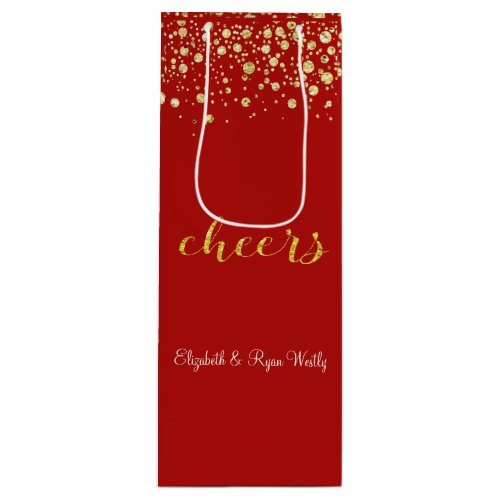 Christmas Glitter Confetti Cheers Custom Wine Gift Bag
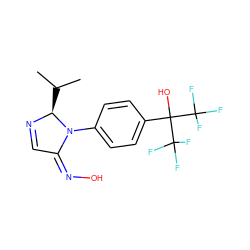 CC(C)[C@@H]1N=C/C(=N/O)N1c1ccc(C(O)(C(F)(F)F)C(F)(F)F)cc1 ZINC000028967279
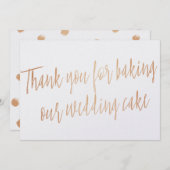 Copper "Bedankt voor het bakken van onze bruidstaa Bedankkaart (Voorkant / Achterkant)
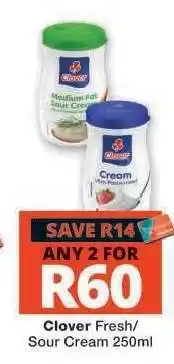 Checkers Clover Fresh/Sour Cream 250ml offer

> [Your assignment]
Transcribe the listing exactly, skipping pictures.

> [Exercise response]
 Christmas Glitter Confetti Cheers Custom Wine Gift Bag
 CC(C)[C@@H]1N=C/C(=N/O)N1c1ccc(C(O)(C(F)(F)F)C(F)(F)F)cc1 ZINC000028967279
 Copper "Bedankt voor het bakken van onze bruidstaa Bedankkaart (Voorkant / Achterkant)
 Checkers Clover Fresh/Sour Cream 250ml offer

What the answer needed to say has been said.